What factors provoke an acute gout flare?
- Recent viral illness
- Consuming a large amount of purine-rich foods, such as red meat or seafood
- Binge alcohol drinking, including beer, spirits and wine
- Commencing certain medications, such as thiazine diuretics, loop diuretics, low-dose aspirin, cyclosporine, allopurinol
- Note: although allopurinol is the first-line treatment for chronic gout, it is contraindicated in acute gout flares
How is gout diagnosed?
- The gold standard for diagnosing gout is an analysis of the synovial fluid from the affected joint. This is known as an arthrocentesis and is done by your GP if there is clinical suspicion of a gout flare.
- The fluid will look cloudy and may appear paste-like in texture. In order to diagnose gout, the fluid taken from your joint is viewed under the microscope using polarised light. If you have gout, the monosodium urate crystals will be present in the synovial fluid from your affected joint and are said to be negatively infringement. This is 100% specific for gout and, it present, rules out all other diagnoses.
What are the treatments for gout?
Acute gout flares
There are four different options for medications to treat an acute gout flare. The choice of medication must be discussed with your doctor who, with your input, will make a decision about the best treatment for you. No matter which pharmacological agent is chosen, it should be commenced within the first 24 hours of experiencing symptoms and maintained for 3-5 days until the maximum severity of pain is reached and symptoms have resolved.
- Naproxen is a non-steroidal anti-inflammatory drug (NSAID) that is most often used as the first-line treatment because it has no adverse cardiovascular effects.
- Colchicine is second-line treatment for an acute gout attack and is used if NSAIDs are contra-indicated such as for patients with kidney disease or gastric ulcers.
- Systemic corticosteroids
- Oral prednisolone or intra-articular (injectable) methylprednisolone is used as a third-line treatment for a gout flare but should never be taken for long-term therapy due to its many side-effects with chronic use.
- IL-1 inhibitors
- Anakinra, rilonacept and canakinumab is fourth-line therapy and not generally used because of the limited evidence for their efficacy.
The aim of treatment of chronic gout is to reduce the likelihood of you ever having to experience an acute gout flare again and the excruciating pain that comes with it. There is a definite role for medication but you also have a role in terms of lifestyle modifications that will help reduce the risk of a gout flare.
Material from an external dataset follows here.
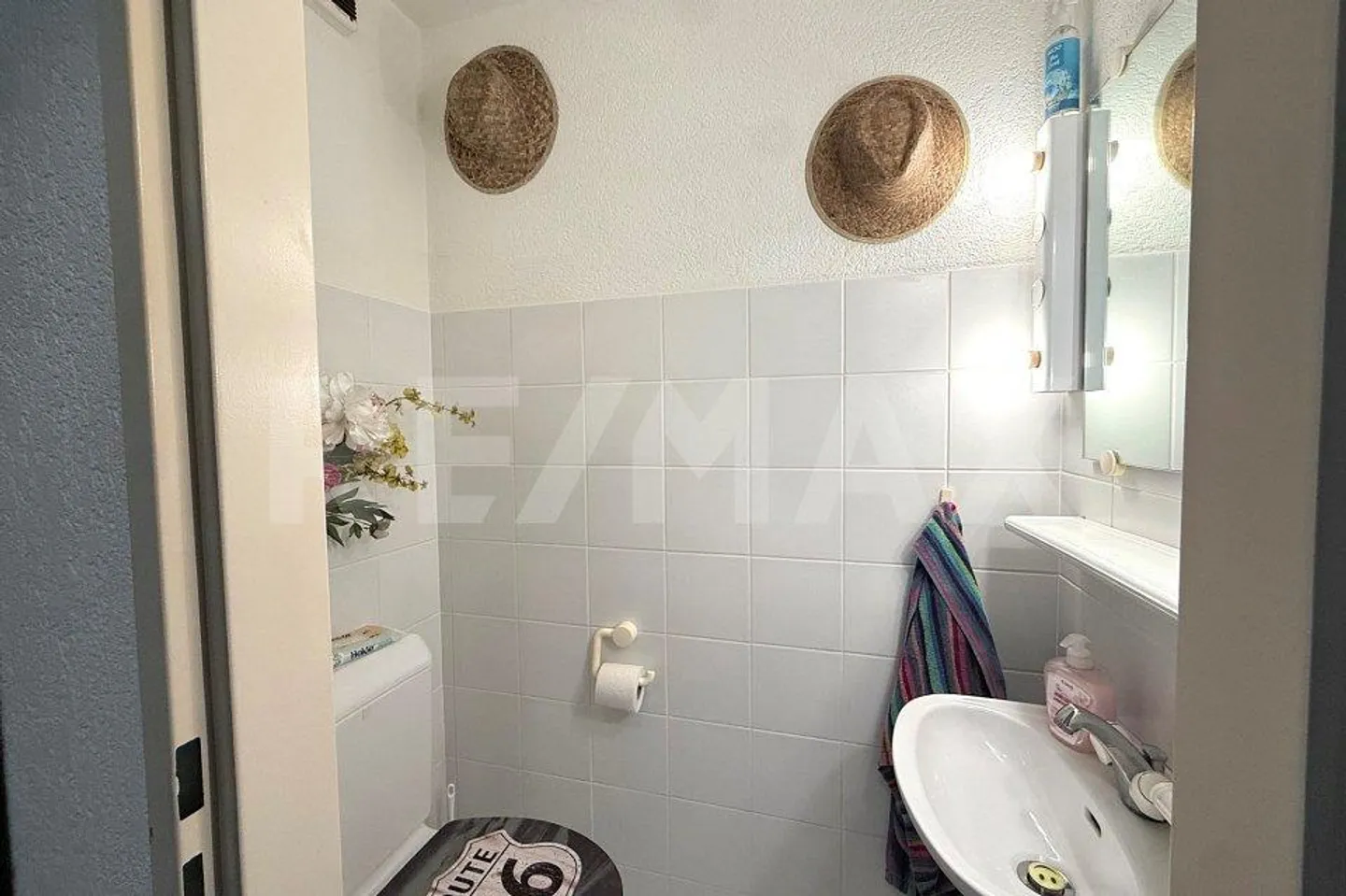Incantevole casa angolare di 5 stanze con giardino e garage a Breitenbach - Foto 5 di 13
- Weight loss, if overweight or obese
- Limit alcohol consumption, including beer, wine and spirits
- Reducing consumption of purines, such as red meat and seafood
- Reducing intake of high-fructose corn syrup, which is found in products such as sugary foods, juices and soft drinks
- Allopurinol is the first-line treatment to prevent acute gout flares. It is a urate-lowering therapy which, as the same suggests, acts by lowering the amount of urate within your body and hence reducing the likelihood of monosodium urate crystals forming.
- Allopurinol is generally started two weeks after resolution of an acute gout flare and continued indefinitely. Always follow the advice of your doctor when it comes to any medications.
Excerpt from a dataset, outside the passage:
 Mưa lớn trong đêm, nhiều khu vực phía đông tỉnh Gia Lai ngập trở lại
- If possible, avoid medications that are associated with gout flares including:
- Thiazide diuretics
- Loop diuretics
- Low-dose aspirin
Note: there may be circumstances where the need for these medications to manage your other medical conditions outweighs the increased risk of a gout flare. You should always trust your doctor in making these decisions. For example, if you suffer from severe heart failure, you may be required to take thiazide or loop diuretics to manage this condition, and should always follow your doctor’s advice in regards to your medications.